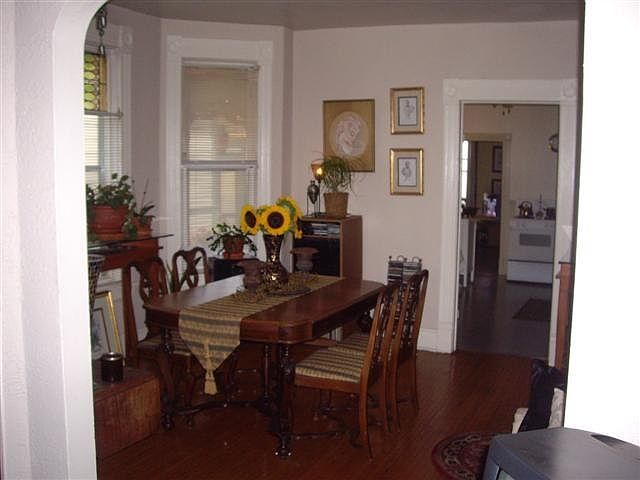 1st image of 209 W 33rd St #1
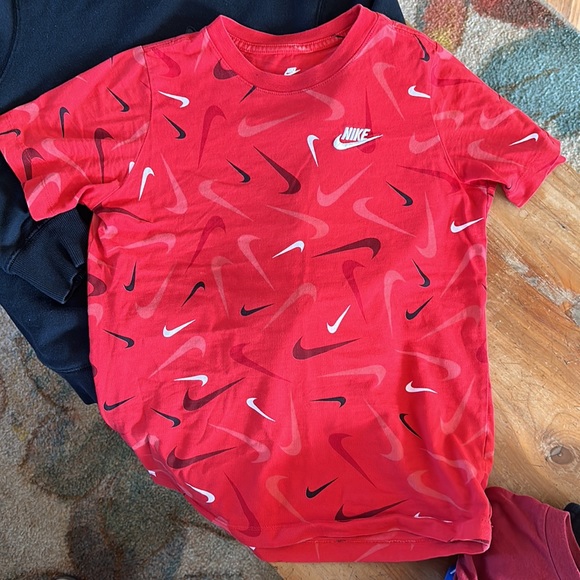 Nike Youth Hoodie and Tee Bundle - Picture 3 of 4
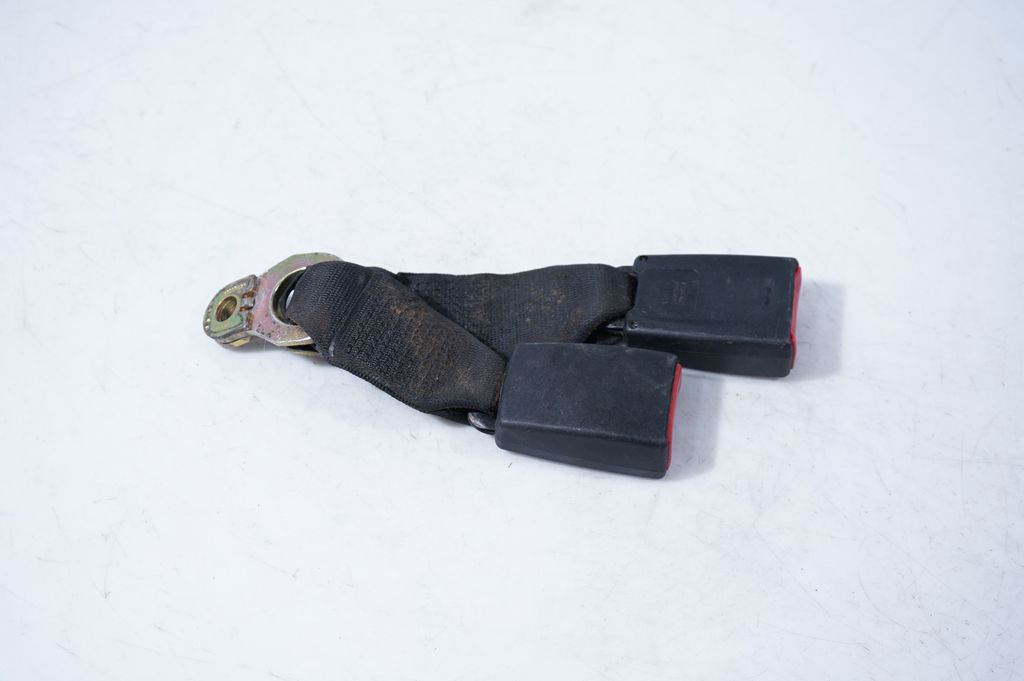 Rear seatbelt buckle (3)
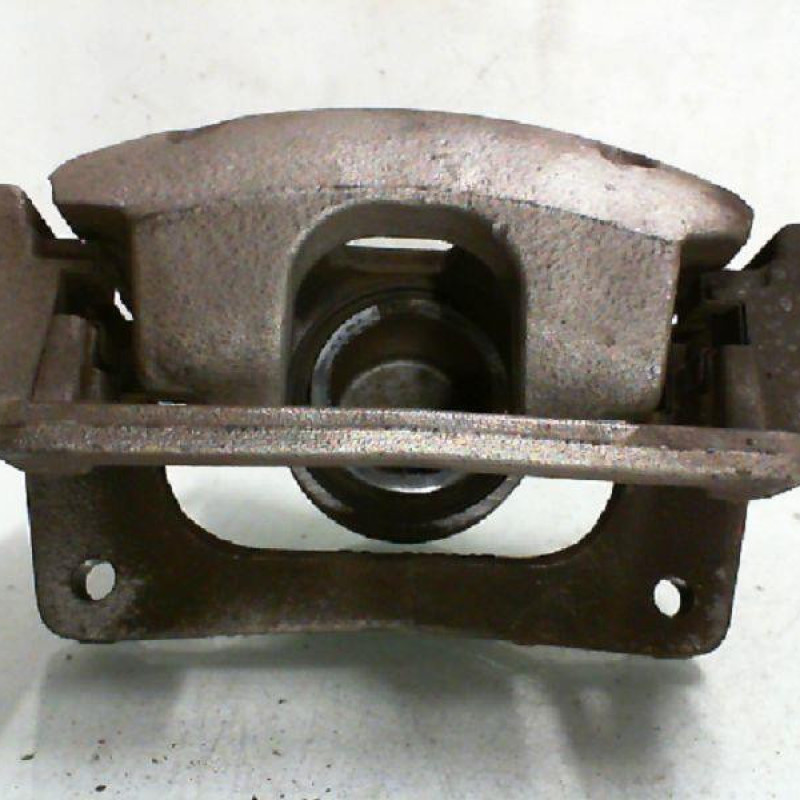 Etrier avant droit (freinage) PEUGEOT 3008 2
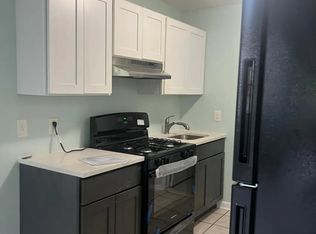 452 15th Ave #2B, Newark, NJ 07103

++++++

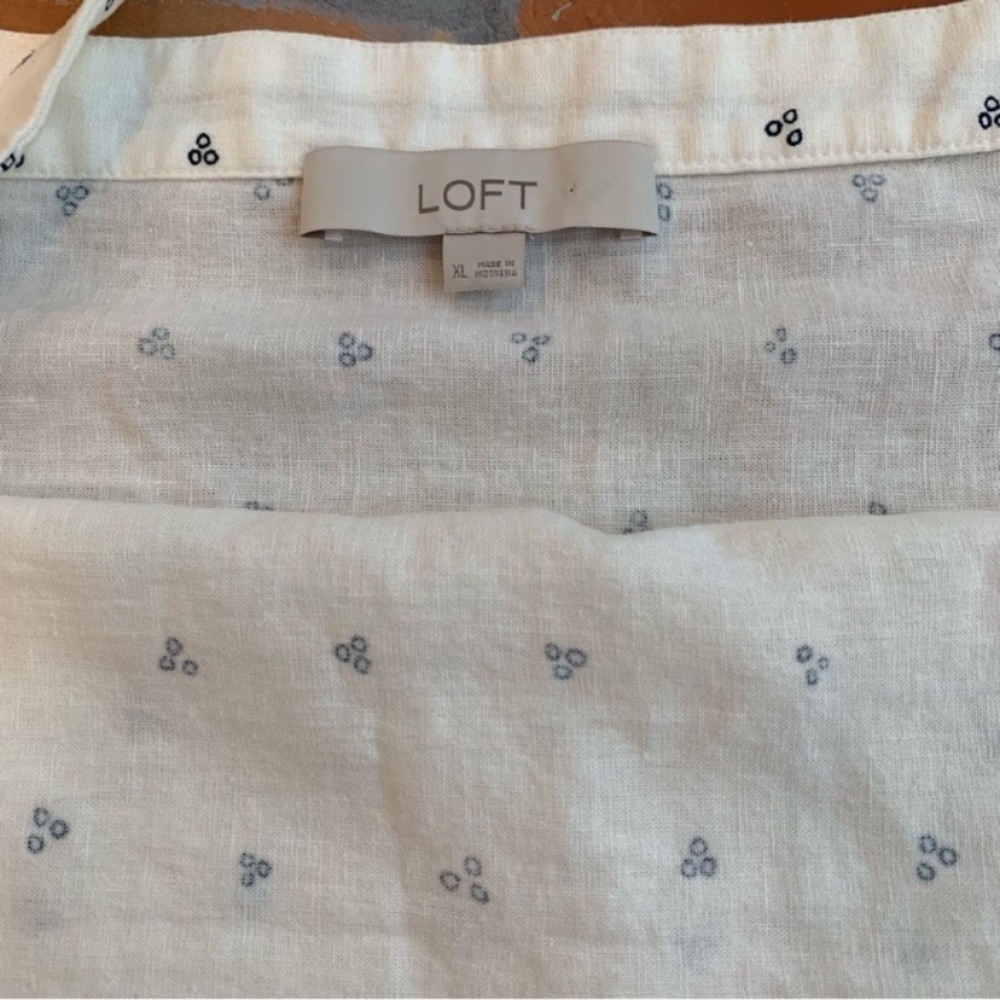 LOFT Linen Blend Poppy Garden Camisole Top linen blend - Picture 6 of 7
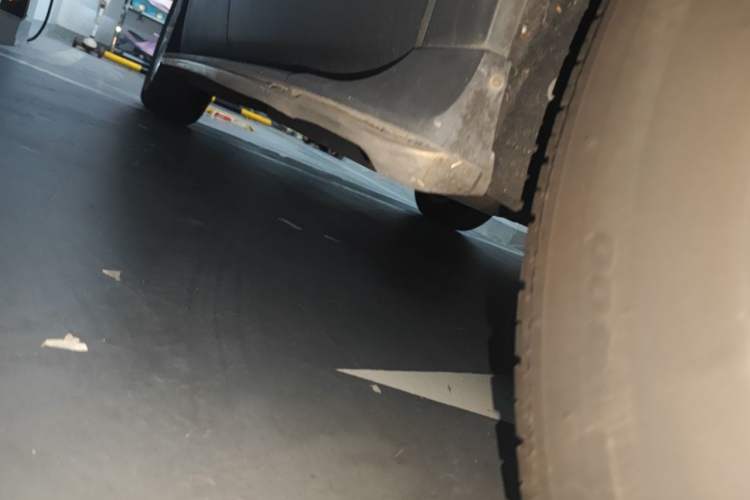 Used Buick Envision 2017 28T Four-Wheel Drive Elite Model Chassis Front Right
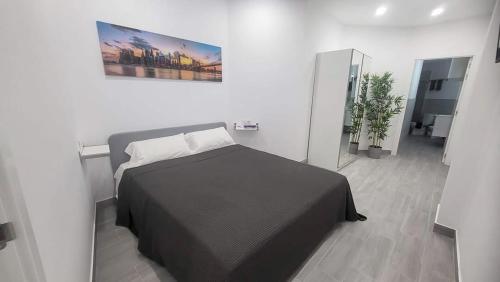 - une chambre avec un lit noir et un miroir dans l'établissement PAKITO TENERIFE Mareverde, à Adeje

++++++

▶ _Problem statement_: Reproduce the entries exactly, from the line with "1st image of 209 W 33rd St #1" to the line with "452 15th Ave #2B, Newark, NJ 07103", both lines included, keeping no pictures.

▶ _Solution below_:
 1st image of 209 W 33rd St #1
 Nike Youth Hoodie and Tee Bundle - Picture 3 of 4
 Rear seatbelt buckle (3)
 Etrier avant droit (freinage) PEUGEOT 3008 2
 452 15th Ave #2B, Newark, NJ 07103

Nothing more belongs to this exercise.